General Motors will halt production next week of most of its lucrative full-size pickup trucks in the United States and Mexico because of an ongoing worldwide shortage of semiconductor chips.

The Detroit-based automaker confirmed production cuts Wednesday at plants in Michigan, Indiana and Mexico that make the Chevrolet Silverado and GMC Sierra pickups.

GM avoided stopping production of its big pickups this year because of parts shortages through aggressive supply chain tactics and building some vehicles without the necessary chips to be completed later . He also cut back on some features that require chips, such as wireless phone chargers.

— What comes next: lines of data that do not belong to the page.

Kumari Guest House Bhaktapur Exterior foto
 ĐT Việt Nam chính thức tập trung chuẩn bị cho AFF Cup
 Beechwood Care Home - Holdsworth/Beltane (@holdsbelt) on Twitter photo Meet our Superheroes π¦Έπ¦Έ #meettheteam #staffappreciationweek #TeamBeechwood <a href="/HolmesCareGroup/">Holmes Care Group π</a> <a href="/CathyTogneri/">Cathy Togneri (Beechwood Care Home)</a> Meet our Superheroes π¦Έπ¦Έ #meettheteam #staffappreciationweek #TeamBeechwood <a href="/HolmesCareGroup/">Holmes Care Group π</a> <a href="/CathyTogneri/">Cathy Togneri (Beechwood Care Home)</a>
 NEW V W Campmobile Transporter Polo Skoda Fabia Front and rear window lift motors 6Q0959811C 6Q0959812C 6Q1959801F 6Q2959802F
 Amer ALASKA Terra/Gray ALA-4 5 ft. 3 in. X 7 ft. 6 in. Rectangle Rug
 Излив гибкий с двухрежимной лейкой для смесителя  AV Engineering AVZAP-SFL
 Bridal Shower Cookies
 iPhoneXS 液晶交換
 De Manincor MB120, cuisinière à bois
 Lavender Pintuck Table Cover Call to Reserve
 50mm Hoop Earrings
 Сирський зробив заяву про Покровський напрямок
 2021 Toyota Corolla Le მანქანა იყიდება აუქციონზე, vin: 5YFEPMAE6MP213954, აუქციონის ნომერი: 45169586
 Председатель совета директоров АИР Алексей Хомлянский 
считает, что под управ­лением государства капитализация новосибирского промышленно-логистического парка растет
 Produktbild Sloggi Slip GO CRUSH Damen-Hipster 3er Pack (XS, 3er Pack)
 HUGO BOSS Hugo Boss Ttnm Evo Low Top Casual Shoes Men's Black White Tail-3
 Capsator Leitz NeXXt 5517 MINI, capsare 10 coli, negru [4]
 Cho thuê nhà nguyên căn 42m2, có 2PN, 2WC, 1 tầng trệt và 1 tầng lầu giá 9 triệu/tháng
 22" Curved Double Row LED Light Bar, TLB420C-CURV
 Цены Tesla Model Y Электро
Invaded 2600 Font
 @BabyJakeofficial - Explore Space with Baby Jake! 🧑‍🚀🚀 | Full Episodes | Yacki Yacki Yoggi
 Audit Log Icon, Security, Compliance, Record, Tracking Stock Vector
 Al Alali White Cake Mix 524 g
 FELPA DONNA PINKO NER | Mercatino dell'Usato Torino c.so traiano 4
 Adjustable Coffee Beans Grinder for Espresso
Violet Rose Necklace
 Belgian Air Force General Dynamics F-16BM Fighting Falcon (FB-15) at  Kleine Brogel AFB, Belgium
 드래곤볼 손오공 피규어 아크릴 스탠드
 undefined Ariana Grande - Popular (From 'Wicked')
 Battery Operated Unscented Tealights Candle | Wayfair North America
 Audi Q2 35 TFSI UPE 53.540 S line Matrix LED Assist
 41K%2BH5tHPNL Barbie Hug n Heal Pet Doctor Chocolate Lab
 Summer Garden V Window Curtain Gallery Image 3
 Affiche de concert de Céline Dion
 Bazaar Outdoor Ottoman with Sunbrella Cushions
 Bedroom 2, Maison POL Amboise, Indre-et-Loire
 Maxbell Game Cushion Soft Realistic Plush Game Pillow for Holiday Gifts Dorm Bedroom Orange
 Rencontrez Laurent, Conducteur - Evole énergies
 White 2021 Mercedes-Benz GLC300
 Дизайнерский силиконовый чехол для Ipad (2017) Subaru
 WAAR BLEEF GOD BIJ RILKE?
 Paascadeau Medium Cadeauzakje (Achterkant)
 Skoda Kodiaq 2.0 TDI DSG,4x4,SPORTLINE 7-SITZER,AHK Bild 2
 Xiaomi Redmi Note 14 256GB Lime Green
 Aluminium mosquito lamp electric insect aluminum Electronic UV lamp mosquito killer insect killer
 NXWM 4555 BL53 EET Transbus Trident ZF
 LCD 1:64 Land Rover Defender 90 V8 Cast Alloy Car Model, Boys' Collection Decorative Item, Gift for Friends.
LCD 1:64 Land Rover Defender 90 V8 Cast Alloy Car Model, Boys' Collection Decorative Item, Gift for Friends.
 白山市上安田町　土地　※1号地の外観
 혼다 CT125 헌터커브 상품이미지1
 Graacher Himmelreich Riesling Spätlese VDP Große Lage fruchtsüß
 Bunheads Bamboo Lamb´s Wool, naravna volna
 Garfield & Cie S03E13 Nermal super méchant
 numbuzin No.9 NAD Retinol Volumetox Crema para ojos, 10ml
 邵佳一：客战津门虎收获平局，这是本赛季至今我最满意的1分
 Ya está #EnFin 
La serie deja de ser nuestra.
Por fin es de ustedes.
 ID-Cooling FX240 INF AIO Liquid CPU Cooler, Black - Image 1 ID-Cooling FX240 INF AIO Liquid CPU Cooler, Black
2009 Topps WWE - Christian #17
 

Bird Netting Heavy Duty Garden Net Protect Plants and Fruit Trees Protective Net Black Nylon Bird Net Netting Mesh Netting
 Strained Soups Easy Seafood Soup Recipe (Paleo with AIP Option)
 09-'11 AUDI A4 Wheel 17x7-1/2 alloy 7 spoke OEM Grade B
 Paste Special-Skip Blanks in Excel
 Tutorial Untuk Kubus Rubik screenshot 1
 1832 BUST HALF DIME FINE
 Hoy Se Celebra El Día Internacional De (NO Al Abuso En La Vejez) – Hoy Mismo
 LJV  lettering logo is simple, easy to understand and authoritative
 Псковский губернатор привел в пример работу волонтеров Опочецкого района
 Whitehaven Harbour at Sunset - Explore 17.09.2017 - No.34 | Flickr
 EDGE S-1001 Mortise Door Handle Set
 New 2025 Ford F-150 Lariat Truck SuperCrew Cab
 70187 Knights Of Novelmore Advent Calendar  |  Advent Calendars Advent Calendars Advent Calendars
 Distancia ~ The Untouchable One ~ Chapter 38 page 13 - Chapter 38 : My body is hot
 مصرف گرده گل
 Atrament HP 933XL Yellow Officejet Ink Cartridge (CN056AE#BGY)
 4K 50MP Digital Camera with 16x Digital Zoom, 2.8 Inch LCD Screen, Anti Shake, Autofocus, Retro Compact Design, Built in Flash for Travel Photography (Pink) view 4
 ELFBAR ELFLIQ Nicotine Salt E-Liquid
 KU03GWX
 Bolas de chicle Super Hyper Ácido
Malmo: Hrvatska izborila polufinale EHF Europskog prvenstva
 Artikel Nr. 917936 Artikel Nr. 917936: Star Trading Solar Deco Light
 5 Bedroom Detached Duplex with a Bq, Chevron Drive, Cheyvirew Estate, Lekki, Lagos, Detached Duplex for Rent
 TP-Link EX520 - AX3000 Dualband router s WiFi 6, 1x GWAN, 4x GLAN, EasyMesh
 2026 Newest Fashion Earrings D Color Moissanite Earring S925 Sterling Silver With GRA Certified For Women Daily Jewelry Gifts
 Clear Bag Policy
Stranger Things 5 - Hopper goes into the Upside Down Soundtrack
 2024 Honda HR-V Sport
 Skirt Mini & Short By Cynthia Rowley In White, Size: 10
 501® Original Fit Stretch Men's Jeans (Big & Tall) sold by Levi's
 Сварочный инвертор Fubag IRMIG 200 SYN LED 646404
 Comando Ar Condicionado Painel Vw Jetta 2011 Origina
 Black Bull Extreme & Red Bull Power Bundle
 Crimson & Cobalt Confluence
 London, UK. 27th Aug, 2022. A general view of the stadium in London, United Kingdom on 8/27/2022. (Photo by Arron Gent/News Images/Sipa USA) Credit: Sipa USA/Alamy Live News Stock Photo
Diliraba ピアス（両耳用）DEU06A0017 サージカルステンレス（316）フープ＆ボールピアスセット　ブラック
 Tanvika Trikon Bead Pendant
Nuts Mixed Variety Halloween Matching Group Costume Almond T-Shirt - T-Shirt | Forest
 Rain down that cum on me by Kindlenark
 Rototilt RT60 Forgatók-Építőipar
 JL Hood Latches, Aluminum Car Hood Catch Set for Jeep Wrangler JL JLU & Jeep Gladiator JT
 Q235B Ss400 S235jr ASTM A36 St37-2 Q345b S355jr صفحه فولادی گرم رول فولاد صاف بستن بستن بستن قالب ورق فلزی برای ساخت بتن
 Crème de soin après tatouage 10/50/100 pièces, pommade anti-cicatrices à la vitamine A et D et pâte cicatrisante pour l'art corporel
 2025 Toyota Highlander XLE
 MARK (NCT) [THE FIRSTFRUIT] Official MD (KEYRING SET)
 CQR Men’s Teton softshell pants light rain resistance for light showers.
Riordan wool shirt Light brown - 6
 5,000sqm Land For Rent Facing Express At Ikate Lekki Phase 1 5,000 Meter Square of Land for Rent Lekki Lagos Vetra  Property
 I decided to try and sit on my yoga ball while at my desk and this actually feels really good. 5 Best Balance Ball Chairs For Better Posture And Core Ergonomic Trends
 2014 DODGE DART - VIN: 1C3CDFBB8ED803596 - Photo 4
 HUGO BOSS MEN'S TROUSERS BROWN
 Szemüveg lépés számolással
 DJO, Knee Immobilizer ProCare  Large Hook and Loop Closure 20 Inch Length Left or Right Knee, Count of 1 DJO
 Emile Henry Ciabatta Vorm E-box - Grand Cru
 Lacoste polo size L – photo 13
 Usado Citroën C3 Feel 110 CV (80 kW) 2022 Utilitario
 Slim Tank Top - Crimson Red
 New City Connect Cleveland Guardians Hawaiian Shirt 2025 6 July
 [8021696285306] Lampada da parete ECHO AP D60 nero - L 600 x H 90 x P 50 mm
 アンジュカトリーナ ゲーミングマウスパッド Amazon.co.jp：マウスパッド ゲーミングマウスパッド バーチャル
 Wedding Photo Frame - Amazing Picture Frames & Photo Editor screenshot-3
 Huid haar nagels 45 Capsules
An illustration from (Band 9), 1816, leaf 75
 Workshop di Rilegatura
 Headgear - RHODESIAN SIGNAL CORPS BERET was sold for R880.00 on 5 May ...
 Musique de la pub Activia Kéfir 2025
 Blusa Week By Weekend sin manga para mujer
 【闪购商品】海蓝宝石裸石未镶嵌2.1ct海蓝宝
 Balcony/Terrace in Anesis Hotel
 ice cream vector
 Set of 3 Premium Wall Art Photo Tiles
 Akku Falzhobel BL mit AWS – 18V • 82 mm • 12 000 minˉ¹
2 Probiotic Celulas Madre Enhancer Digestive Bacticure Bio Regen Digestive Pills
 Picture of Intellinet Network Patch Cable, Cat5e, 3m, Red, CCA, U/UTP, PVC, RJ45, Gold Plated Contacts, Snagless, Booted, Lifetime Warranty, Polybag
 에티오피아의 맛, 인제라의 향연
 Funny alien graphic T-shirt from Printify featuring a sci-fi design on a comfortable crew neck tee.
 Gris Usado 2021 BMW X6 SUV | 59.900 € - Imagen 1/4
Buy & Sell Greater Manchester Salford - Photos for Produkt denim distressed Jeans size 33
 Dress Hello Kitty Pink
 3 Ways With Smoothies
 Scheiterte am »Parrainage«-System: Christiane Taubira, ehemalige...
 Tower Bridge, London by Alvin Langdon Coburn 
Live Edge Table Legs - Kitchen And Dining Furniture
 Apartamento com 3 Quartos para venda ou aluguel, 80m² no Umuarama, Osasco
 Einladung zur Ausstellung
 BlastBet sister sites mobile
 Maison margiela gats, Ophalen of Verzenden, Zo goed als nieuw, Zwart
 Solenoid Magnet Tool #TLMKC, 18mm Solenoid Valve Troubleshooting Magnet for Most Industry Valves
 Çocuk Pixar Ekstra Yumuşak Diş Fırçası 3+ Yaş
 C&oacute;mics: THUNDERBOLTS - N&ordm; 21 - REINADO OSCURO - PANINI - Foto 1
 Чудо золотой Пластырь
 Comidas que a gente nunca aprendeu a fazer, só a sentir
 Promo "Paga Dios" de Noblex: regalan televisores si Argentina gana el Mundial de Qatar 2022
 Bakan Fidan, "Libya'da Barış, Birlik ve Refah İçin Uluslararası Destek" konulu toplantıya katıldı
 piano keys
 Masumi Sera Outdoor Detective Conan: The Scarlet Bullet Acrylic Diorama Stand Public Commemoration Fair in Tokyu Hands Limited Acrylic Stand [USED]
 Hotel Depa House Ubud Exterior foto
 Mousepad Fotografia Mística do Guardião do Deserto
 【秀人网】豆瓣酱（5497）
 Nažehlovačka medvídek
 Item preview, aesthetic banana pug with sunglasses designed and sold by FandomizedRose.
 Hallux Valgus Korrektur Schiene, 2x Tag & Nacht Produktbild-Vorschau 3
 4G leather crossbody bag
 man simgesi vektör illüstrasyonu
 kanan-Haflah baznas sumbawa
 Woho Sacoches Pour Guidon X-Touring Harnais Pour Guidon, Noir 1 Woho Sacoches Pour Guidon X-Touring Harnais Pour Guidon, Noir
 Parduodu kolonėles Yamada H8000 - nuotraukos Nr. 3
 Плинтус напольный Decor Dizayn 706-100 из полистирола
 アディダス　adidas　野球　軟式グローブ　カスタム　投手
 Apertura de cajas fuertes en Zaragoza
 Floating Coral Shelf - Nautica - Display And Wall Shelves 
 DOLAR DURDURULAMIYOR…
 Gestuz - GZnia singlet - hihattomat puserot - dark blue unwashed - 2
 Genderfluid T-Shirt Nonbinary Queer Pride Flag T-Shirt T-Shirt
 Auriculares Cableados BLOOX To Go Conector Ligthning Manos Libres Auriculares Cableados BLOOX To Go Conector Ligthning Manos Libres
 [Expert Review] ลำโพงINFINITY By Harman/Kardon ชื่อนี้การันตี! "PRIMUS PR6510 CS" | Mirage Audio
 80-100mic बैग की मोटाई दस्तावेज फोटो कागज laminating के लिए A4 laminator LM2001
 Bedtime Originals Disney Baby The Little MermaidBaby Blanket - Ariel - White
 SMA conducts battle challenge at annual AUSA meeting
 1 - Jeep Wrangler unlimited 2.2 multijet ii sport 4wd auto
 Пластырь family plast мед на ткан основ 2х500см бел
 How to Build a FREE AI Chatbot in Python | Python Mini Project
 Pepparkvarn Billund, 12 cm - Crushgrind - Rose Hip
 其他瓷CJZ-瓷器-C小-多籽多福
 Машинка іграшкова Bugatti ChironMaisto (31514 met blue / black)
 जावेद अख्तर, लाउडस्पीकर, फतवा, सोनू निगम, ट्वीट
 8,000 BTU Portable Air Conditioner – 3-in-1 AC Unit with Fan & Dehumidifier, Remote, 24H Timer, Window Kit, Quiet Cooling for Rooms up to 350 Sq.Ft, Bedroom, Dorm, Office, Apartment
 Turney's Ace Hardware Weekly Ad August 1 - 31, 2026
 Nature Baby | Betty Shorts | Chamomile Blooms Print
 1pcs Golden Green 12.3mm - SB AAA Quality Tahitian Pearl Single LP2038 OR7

“The global semiconductor shortage remains complex and very volatile, but GM’s global purchasing and supply chain, engineering and manufacturing teams continue to find creative solutions and make progress by working with the supply base to minimize the impact on our highest-demand vehicles and limited capabilities , including full-size trucks and SUVs for our customers,” the company said in a statement.

The cuts include a temporary production shutdown next week at GM’s Fort Wayne, Indiana, assembly plant and its Silao, Mexico, assembly plant. Its Flint Assembly plant in Michigan, which makes heavy trucks, will also be reduced to one shift from three shifts. Full production at the plants is expected to resume Aug. 2, GM said.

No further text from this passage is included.